Our old friemd Ed Thompson has resurfaced in the latest issue of When Saturday Comes. At the end of an otherwise decent article on FFP, he comes up with this:

View attachment 25820
I mean, how wrong can you be? A strongly worded letter has landed on WSC's desk. Let's see if they print it.
Again these so called journalists like to put their own spin on things to make it fit their own agenda against us. It is a classic case of not letting the truth get in the way of a good story.
 
And because we had the best lawyers money could buy while UEFA could only muster the 19-year old mate of one of the ExCo member's sons, who was a first year law student at Stoke Polytechnic.
Nothing wrong with getting legal work experience when everyone thought their case had only one conclusion (except you of course).
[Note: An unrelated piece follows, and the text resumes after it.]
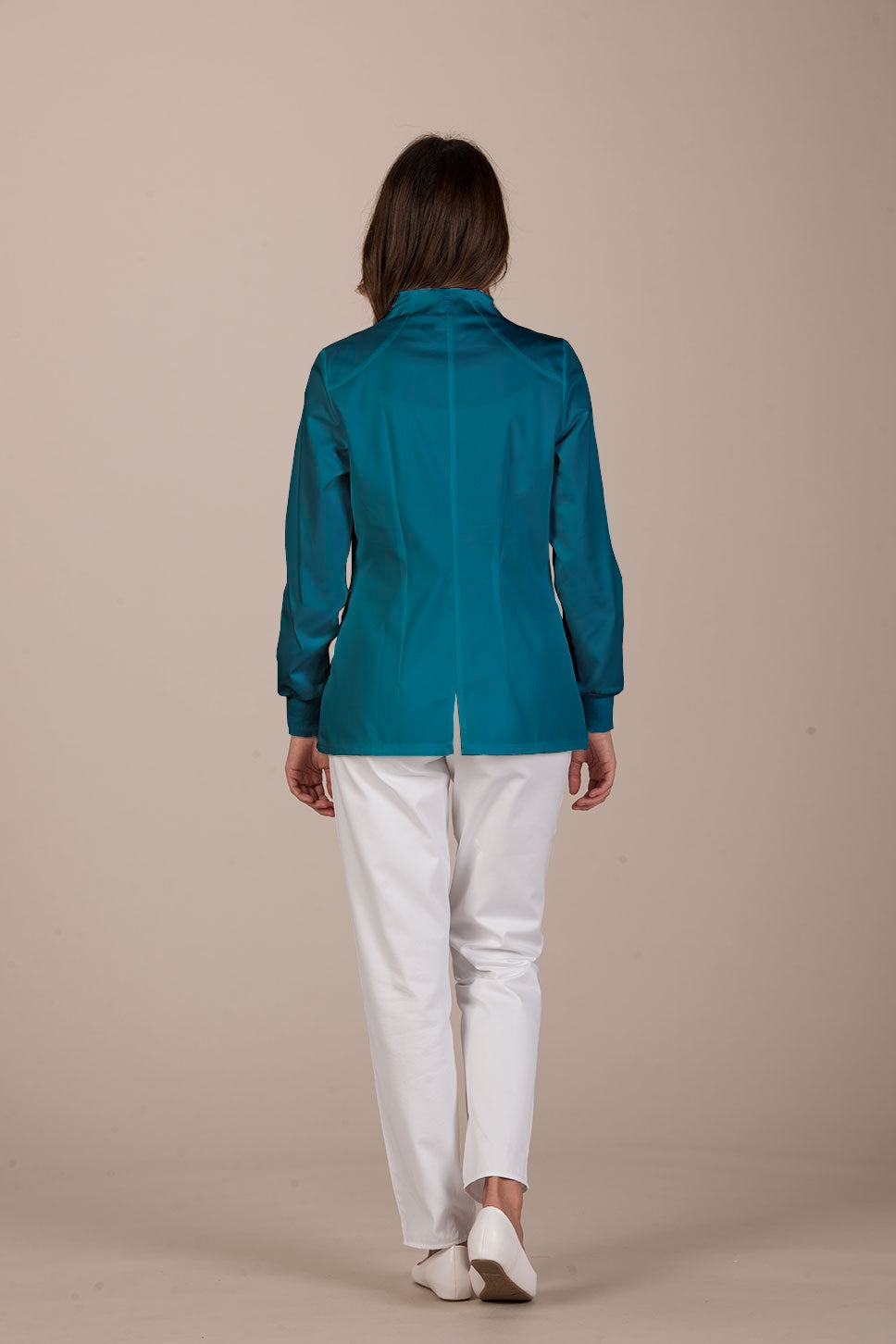 Vevey Women's Top - Long Sleeves with Thread Cuff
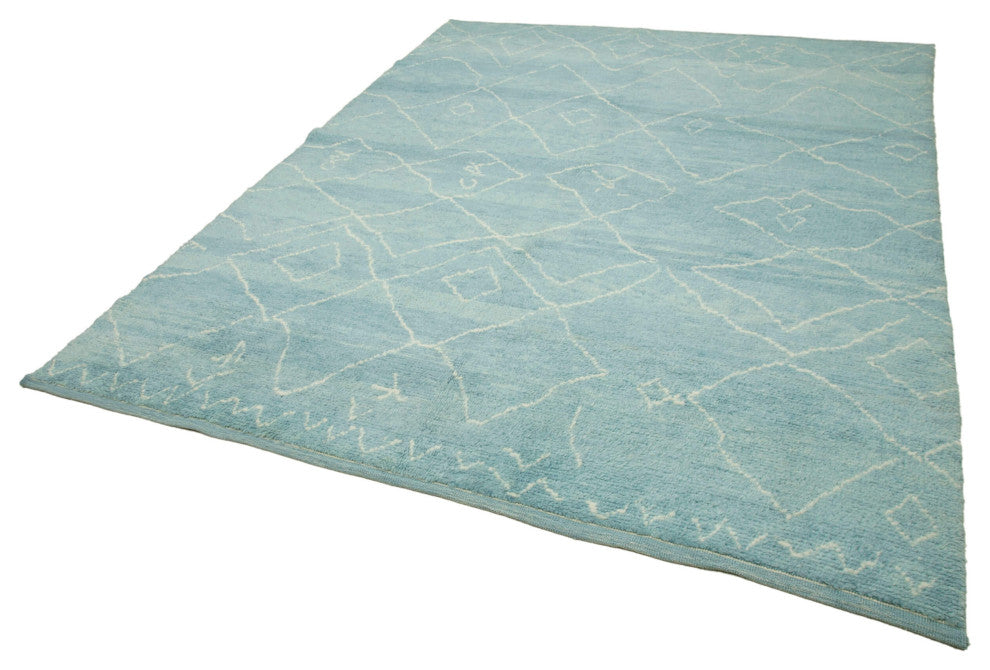 Rug N Carpet - Handmade Decorative 7' 9'' x 9' 7'' Moroccan Area Rug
To be fair very few people had the privilidge to become acquainted with the actual facts you and others presented on BM believing a biased almost universal media's version must be true.
 
If you add in the Cayman Island Accounts - I think we’d find United are in debt to a tune a bit higher than £600m. And there are substantive rumours the the Glazers have borrowed other monies against the United ‘asset’ - so I’m not sure we can say United are not in trouble - there’s some ‘window dressing’ going on for sure.
The truth is, nobody except the Glazers and their inner circle is likely to know but I cannot imagine, given their type and locations, that their US malls are doing anything other than haemorrhaging serious amounts of cash. That could be crippling the group as much as united’s interest payments.